The following film review was originally submitted to the Spectator. The Spectator’s editors, who had not seen the film, took issue with the negative portrayal of Palestinian historical revisionism and heavily revised the piece in order to reflect their own political prejudices. Their revisions raise significant ethical questions. In light of the rising anti-Semitism on college campuses and around the world, the Spectator’s actions are disturbing and irresponsible.
Last Tuesday, Hamilton welcomed Gloria Greenfield to present her latest film, Body and Soul: The State of the Jewish Nation. Greenfield has worked in publishing, marketing, and management for over thirty years prior to founding of Doc Emet Productions in 2007. Greenfield, with Doc Emet Productions, dedicates her work to the advancement of a Jewish identity and advocation for the Jewish state. Greenfield has produced and directed three films since 2008. The event, sponsored by the Alexander Hamilton Institute, was well attended by Hamilton students, alumni, and faculty.
Greenfield briefly prefaced her film with several critical issues facing the Jewish people today, including Israel’s right as a nation to exist and defend its territories, conflicts arising over local opposition to Israel, the “intellectual” attacks on the Jewish people and nation, and a growing illiteracy among modern Jews regarding their history, texts, and liturgy. The film itself is mostly historical, educating viewers on the legitimacy and history of the Jewish state. Late in the film, some of the more modern issues facing the state are explored. Greenfield establishes Judaism as more than just a religion. It is an identity, a community, and a tradition that ultimately manifests in the Israeli nationality where all who identify as Jewish will be welcome.
The film itself consists of a brief history of the Jewish people, the development of Zionism, establishment of Israel, and challenges currently facing the Jewish nation. Biblical, historical, and archaeological evidence all strongly suggest the ancient Jewish people settled in the modern day Israel, Jordan, and Syria, with Jerusalem at the center of the civilization. The Babylonians first conquered and exiled the Jews, destroying the holy temple in Jerusalem. The Romans later dominated the area, renaming the province Palaestina for the ancient enemies of the Jews. Around 1000 years later, the Crusaders conquered Jerusalem. Every conquest led to the persecution and execution of Jews. The Promised Land passed from conquerer to conquerer, none able to hold and establish rule before the British captured the land in the early 1900s, eventually helping create a Jewish state.
With the rise of European nationalism and widespread anti-Semitism in the 19th century, many Jewish people rediscovered their identity, prompting a will to reestablish themselves in the Zionist movement.

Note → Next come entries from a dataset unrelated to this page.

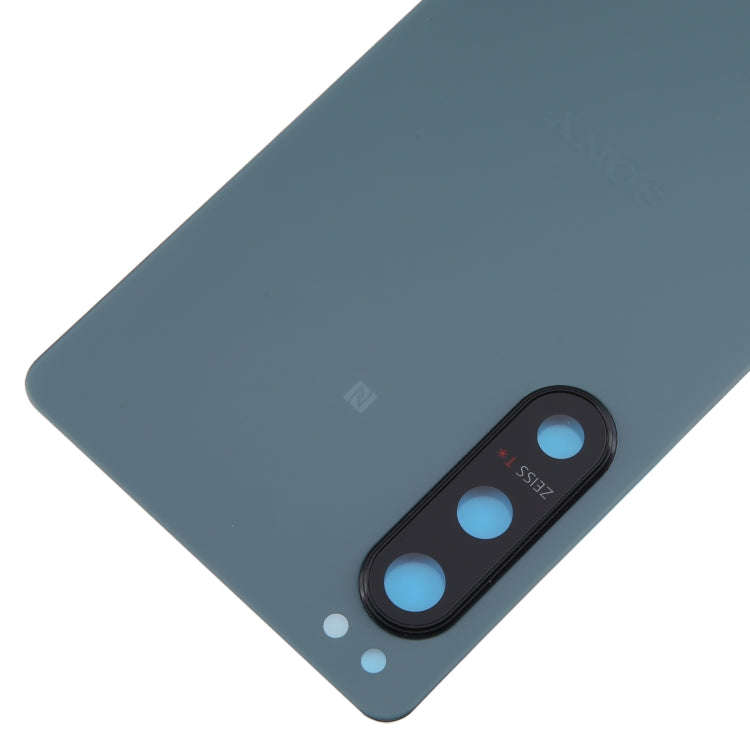 For Sony Xperia 5 IV Original Battery Back Cover with Camera Lens Cover(Green)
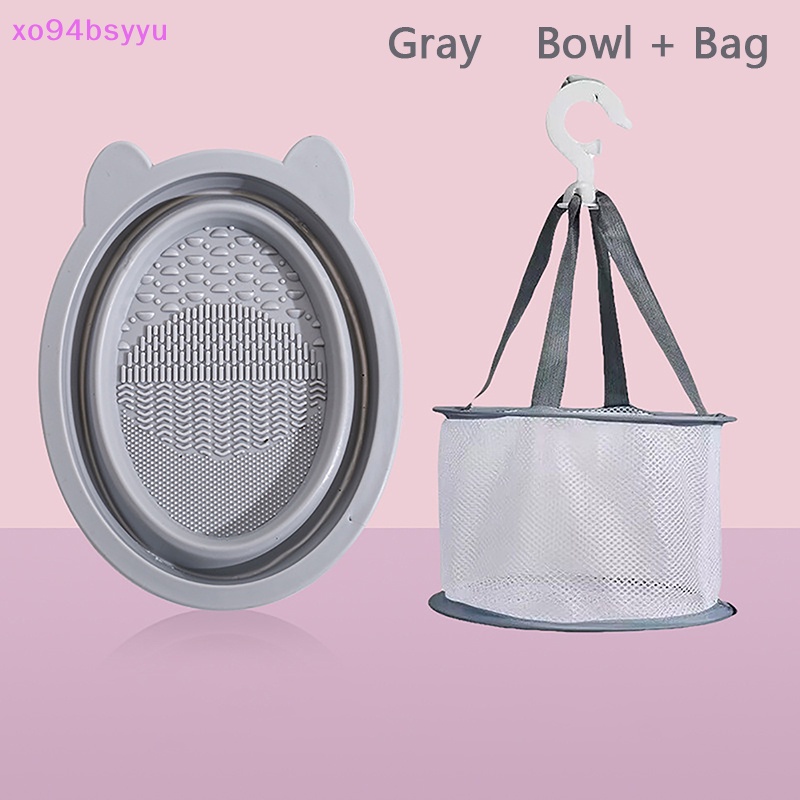 Xo94bsyu Miếng Mút Silicon Vệ Sinh Cọ Trang Điểm Có Thể Gấp Gọn Tiện Lợi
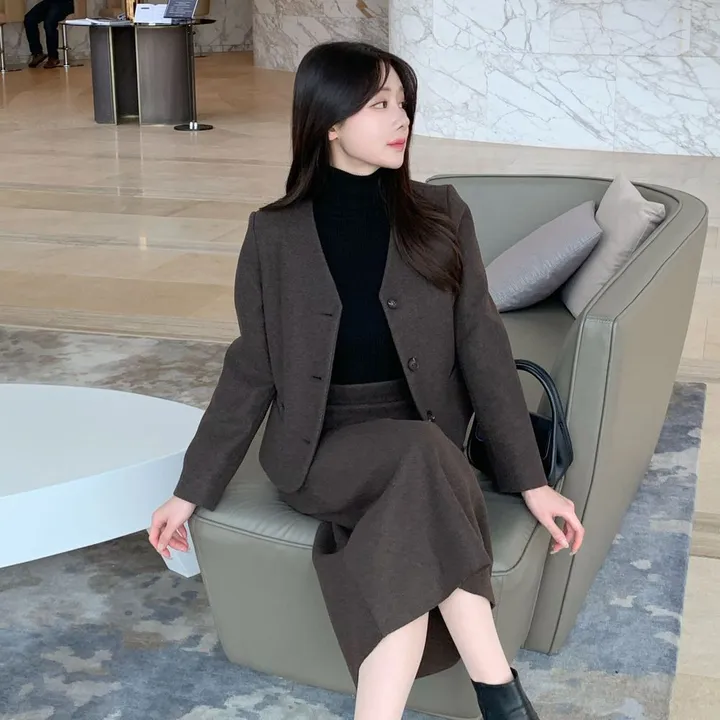 [겨울신상✨] 슈슈 노카라자켓 / 겨울자켓 가을자켓 기모자켓 울자켓 모직자켓 울코트 모직코트 숏코트 숏자켓 트위드자켓 하객룩 겨울코트 핸드메이드 코트 떡볶이코트 후드코트 레이어드 자켓 기모 코듀로이 스웨이드 무스탕 퍼자켓 하프코트 케이프코트 망토 겨울옷 상세 이미지 32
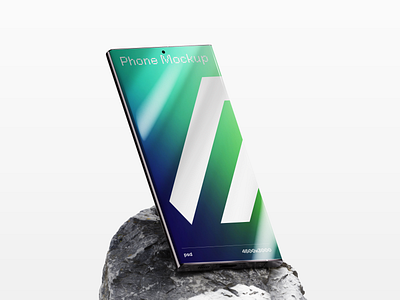 Phone Mockup 3d 3d mockup android android mockup blender branding graphic design mobile mockup natural light nature outdoor phone mockup photorealistic photoshop product design realism realistic mockup rock stone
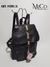 Mochila Natalia - Negro/ Tapa Textura Reptil
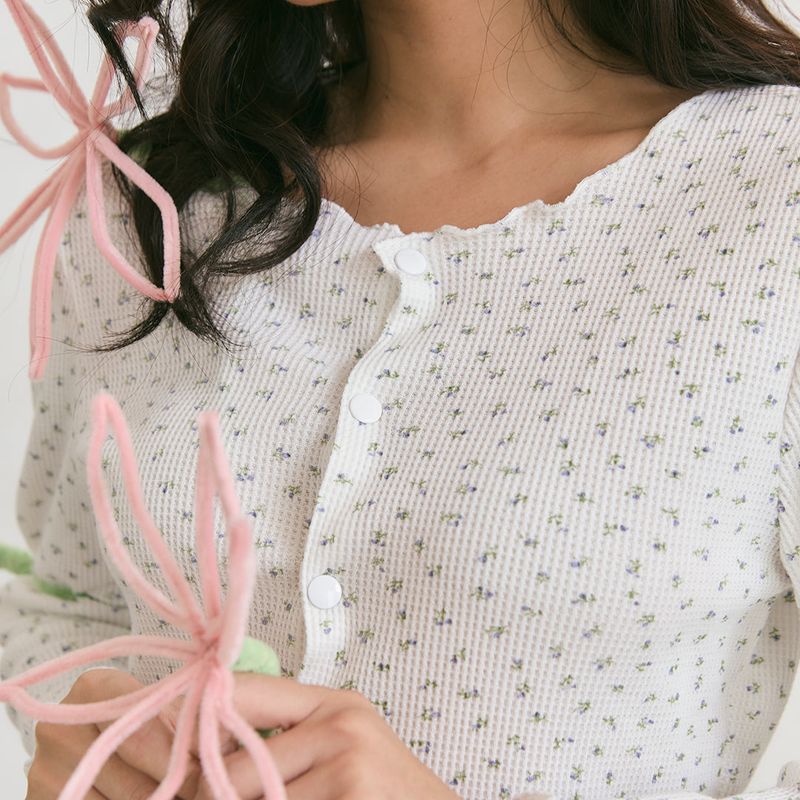 Bacon top | floral print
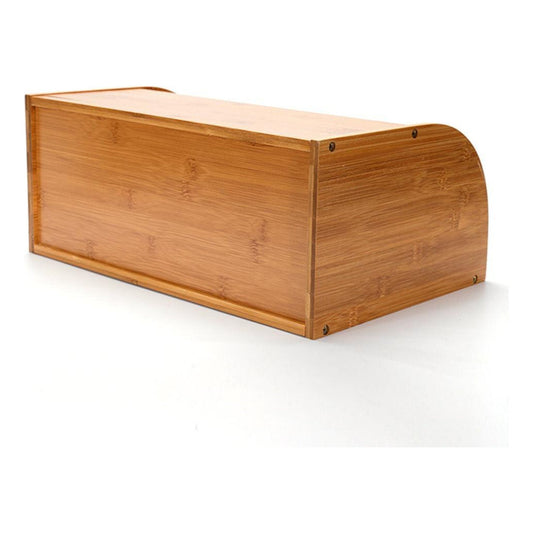 Bamboo BreadBox - With Retractable Lid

Although many areas were considered, none had the attractiveness and historical pull of the original Promised Land. Thus, over the late 19th century and early 20th century, Jews began immigrating from many nations, where they were treated as second class citizens, en masse to the Promised Land.
The two World Wars and their aftermath devastated the Jewish people. Although a push for the creation of a Jewish state in the Middle East gained support, anti-Semitism ran rampant among politics of the mid-20th century. Ultimately, the United Nations managed to establish the Mandate for Palestine: a British controlled home for the Jewish people, with the Jordan River area split into Jewish Palestine and Trans-Jordan (Arab Palestine). Because the UN did not declare official borders, they tolerated attacks on Jewish Palestine, utterly failing to assist Israel when the Arabs invaded, exiling or killing Jews in the conquered lands. These unwarranted attacks persisted, forcing Israel into defensive wars against the surrounding Arab nations, continually surrendering land.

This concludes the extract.